**REQUIRED WORK:**
With the images removed, write out each record exactly as given.

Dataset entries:

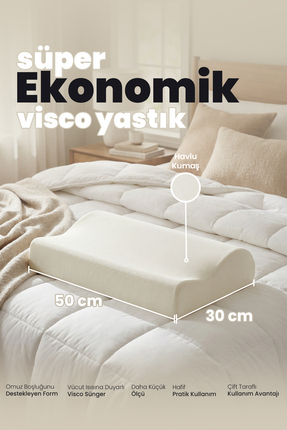 Aura Home Pillow Ekonomik Ortopedik Visco Yastık 50x30 cm– Hafızalı Sünger Bo...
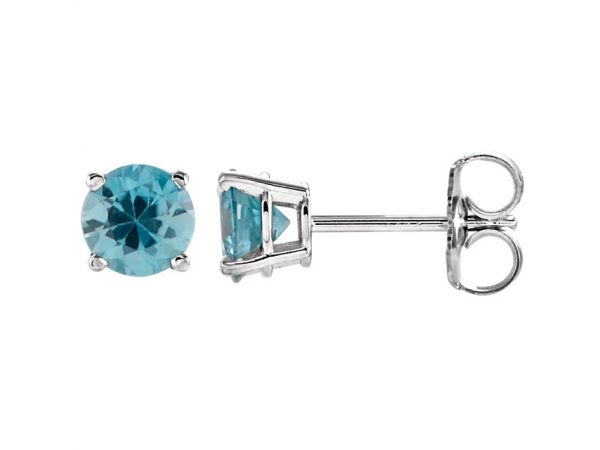 genuine blue zircon earrings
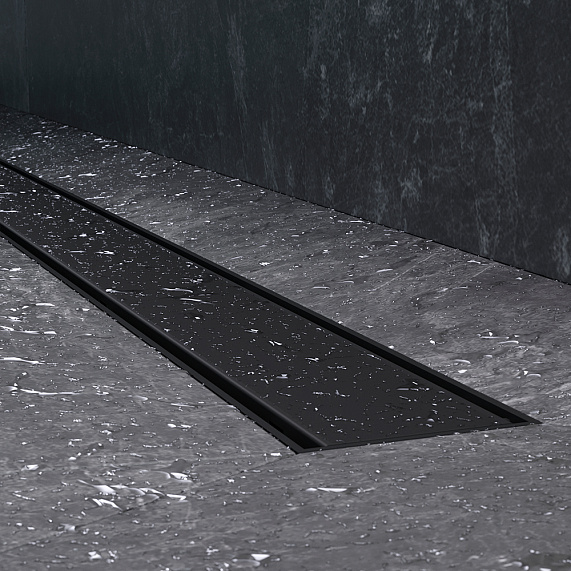 Душевой трап (лоток) 90 AM.PM PrimeFlow W02SC-U11-090-04BM комбинированный затвор с черной матовой решеткой под плитку-13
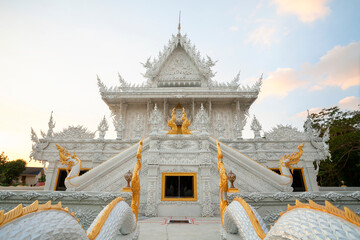Fototapeta premium Wat Kanan white temple in Phuket, Thailand. New Buddhist temple in Phuket, located in Thalang. Tourist attractions in Thailand.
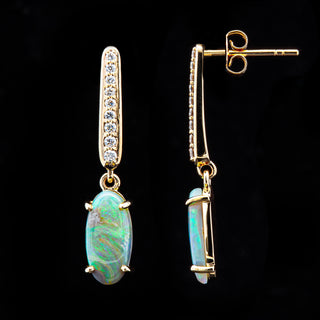Australian Black Crystal Opal and Diamond Earrings in Yellow Gold by World Treasure Designs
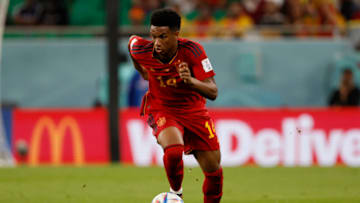 DOHA, QATAR - NOVEMBER 23: Alejandro Balde of Spain runs with the ball during the FIFA World Cup Qatar 2022 Group E match between Spain and Costa Rica at Al Thumama Stadium on November 23, 2022 in Doha, Qatar. (Photo by Richard Sellers/Getty Images)
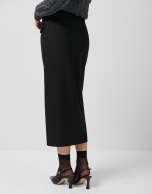 Black straight midi skirt with front slit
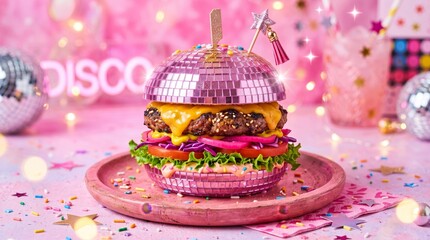 Obraz premium A colorful burger with a disco ball bun on a pink background. Concept for novelty food, party themes, and creative culinary photography. Generative AI.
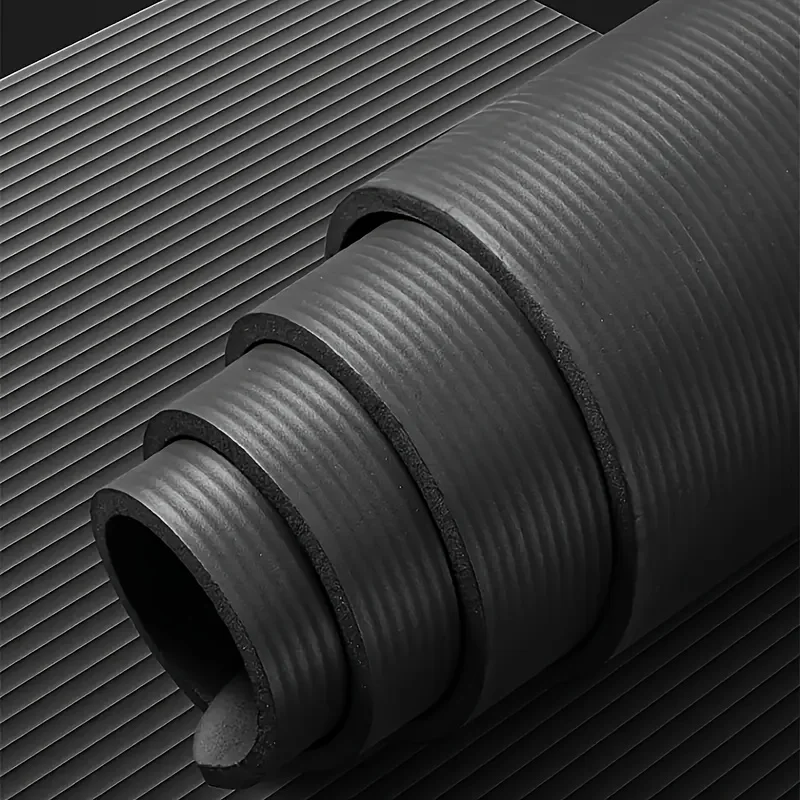 Herren Ultra-Dicke Sportmatte, 10mm Dicke Schwarze Yogamatte, Schalldicht und Stoßabsorbierend, Sehr Geeignet für Heim- und Fitnessübungen – Detail 3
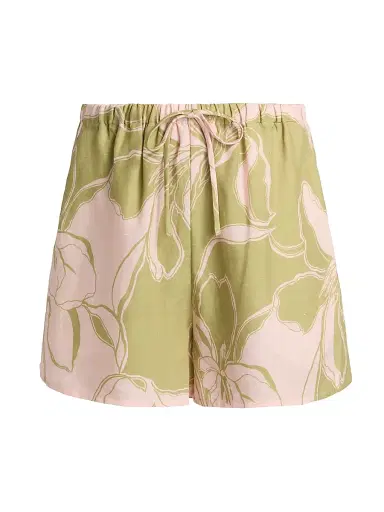Misa Los Angeles Women's Asher Linen-Blend Shorts - Olive Flora - Size XL | Thumbnail 1 Misa Los Angeles Women's Asher Linen-Blend Shorts - Olive Flora - Size XL | Thumbnail 1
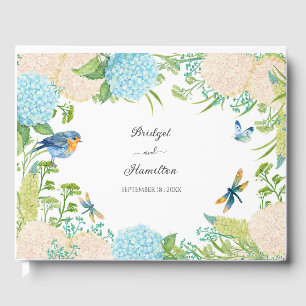 Elegant Blue Hydrangea Guest Book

**WRITTEN SOLUTION:**
 Aura Home Pillow Ekonomik Ortopedik Visco Yastık 50x30 cm– Hafızalı Sünger Bo...
 genuine blue zircon earrings
 Душевой трап (лоток) 90 AM.PM PrimeFlow W02SC-U11-090-04BM комбинированный затвор с черной матовой решеткой под плитку-13
Fototapeta premium Wat Kanan white temple in Phuket, Thailand. New Buddhist temple in Phuket, located in Thalang. Tourist attractions in Thailand.
Australian Black Crystal Opal and Diamond Earrings in Yellow Gold by World Treasure Designs
 DOHA, QATAR - NOVEMBER 23: Alejandro Balde of Spain runs with the ball during the FIFA World Cup Qatar 2022 Group E match between Spain and Costa Rica at Al Thumama Stadium on November 23, 2022 in Doha, Qatar. (Photo by Richard Sellers/Getty Images)
 Black straight midi skirt with front slit
 Obraz premium A colorful burger with a disco ball bun on a pink background. Concept for novelty food, party themes, and creative culinary photography. Generative AI.
 Herren Ultra-Dicke Sportmatte, 10mm Dicke Schwarze Yogamatte, Schalldicht und Stoßabsorbierend, Sehr Geeignet für Heim- und Fitnessübungen – Detail 3
Misa Los Angeles Women's Asher Linen-Blend Shorts - Olive Flora - Size XL | Thumbnail 1 Misa Los Angeles Women's Asher Linen-Blend Shorts - Olive Flora - Size XL | Thumbnail 1
 Elegant Blue Hydrangea Guest Book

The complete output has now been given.